Indeed, this approach enables us to address two immediate concerns that might otherwise seem at odds with each other: supporting students’ social emotional well-being and addressing any “learning loss” that may have occurred over the last stressful months. Indeed, an introduction to trauma-informed teaching created by WE Teachers encourages teachers to model and give students the opportunity to engage in the healthy acquisition of knowledge (i.e., identifying credible sources, avoiding information overload, reading critically, etc.) as a way of managing anxiety and providing the basis for empowering students to take action.

More than ever, our students need us to equip them with the knowledge and skills to actively engage with the world and its so many injustices and opportunities.

Friday, May 22, 2020

Using informational text (and technology!) to help our students make sense of this strange time

Many of us are feeling fairly Zoomed out these days, but there are still those worthwhile virtual meet-ups that rejuvenate our spirits and spark new ideas. Our conversation this week about using informational texts to help our students and ourselves make sense of this strange time was definitely one of those worthy gatherings.

Our conversation focused on four primary themes/takeaways: 1) focusing on purpose and relevance; 2) fostering student engagement; 3) keeping things simple; and 4) being mindful about the difference between online and offline reading.

We started our conversation by talking about a documentary, “Most Dangerous Ways to School: Nicaragua,” that one of our participants was using with her 9th grade English students. Susan asked the teacher how she planned to assess student engagement while they watched the documentary. She said she had already received some informal responses from students about the video, but she was still thinking about what kind of writing to ask the students to produce after viewing. Susan asked what she wanted students to come away with after watching the video. The teacher responded that she wanted them to gain a greater perspective about the kinds of hardships some students around the world face in just getting to school everyday and possibly to compare those conditions to their own, either during the coronavirus quarantine or in general. Susan agreed that a comparative personal narrative, perhaps drawing upon 2-3 specific details from the video made sense. She stressed that during this time it is especially important to focus on purpose and relevance and to streamline assignments and assessments based on what is most essential as we close out this strange school year.

Susan also asked the teacher if she planned to use any tools like edPuzzle or Flipgrid that would facilitate student responses to and engagement with the video. This is where we were especially grateful that our friend Michele Haiken had joined us. She explained the different uses of the two tools: edPuzzle works well with short videos and embeds questions during the videos, while FlipGrid gives students the opportunity to respond via video.

Susan shared an edPuzzle Audrey had created for their unit on consent connected to Laurie Halse Anderson’s novel Speak. The edPuzzle featured several multiple-choice questions embedded in the short, animated video about understanding consent.

Michele then shared her screen to show us how she recently used Flipgrid to get students to respond to a multimedia unit she had built around The Diary of Anne Frank , which included 1) reading book, 2) reading or seeing the play, 3), taking a virtual tour of the Secret Annex (through the Anne Frank Museum), and possibly perusing related material on Google Arts and Culture.
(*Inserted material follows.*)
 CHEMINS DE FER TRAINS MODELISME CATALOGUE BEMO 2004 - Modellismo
Her prompt for all this was quite simple: How can we take inspiration from Anne Frank during this time of isolation?

Michele also talked about using a weekly video to lay out instructions and goals for the week. And she is using Anchor to record herself reading aloud for students in a private podcast, a nice tool that brings her presence into her students’ worlds while also ensuring all students at least auditory access to the text.

Audrey then shared how she has used Perusall, a social annotation tool, to foster engagement among her college students as they navigate reading in isolation without as much classroom support. With Perusall, the instructor can add specific questions for response or the students can simply annotate on their own. The nice aspect of this tool is that it allows students to participate in a community conversation as they are reading. They can indicate questions (and upvote questions they share) and they can respond to or upvote responses they find useful. Responses can also include images and links. There’s even a computer-generated grading tool, so that instructors can assign a score to the annotation work, and easy analytics to note who is responding frequently and substantively.
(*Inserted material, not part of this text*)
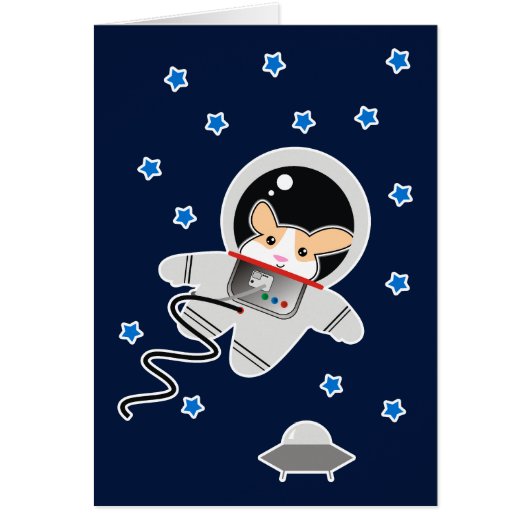 Astronaut Hamster Cards (Front)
Despite our excitement about the many tools available, especially right now, we all agreed that keeping things simple is the best course of action for both our students and ourselves. For Michele, this means using the same four tools. For Susan, this meant going back to GoogleDocs to create a guided reading template for a recent New York Times editorial about leadership in a crisis (which you are welcome to copy and use!) that could be shared with students so that they could add responses to the reading prompts and/or annotations via comment, which their classmates could also see and add to (similar to what Audrey did with Perusall).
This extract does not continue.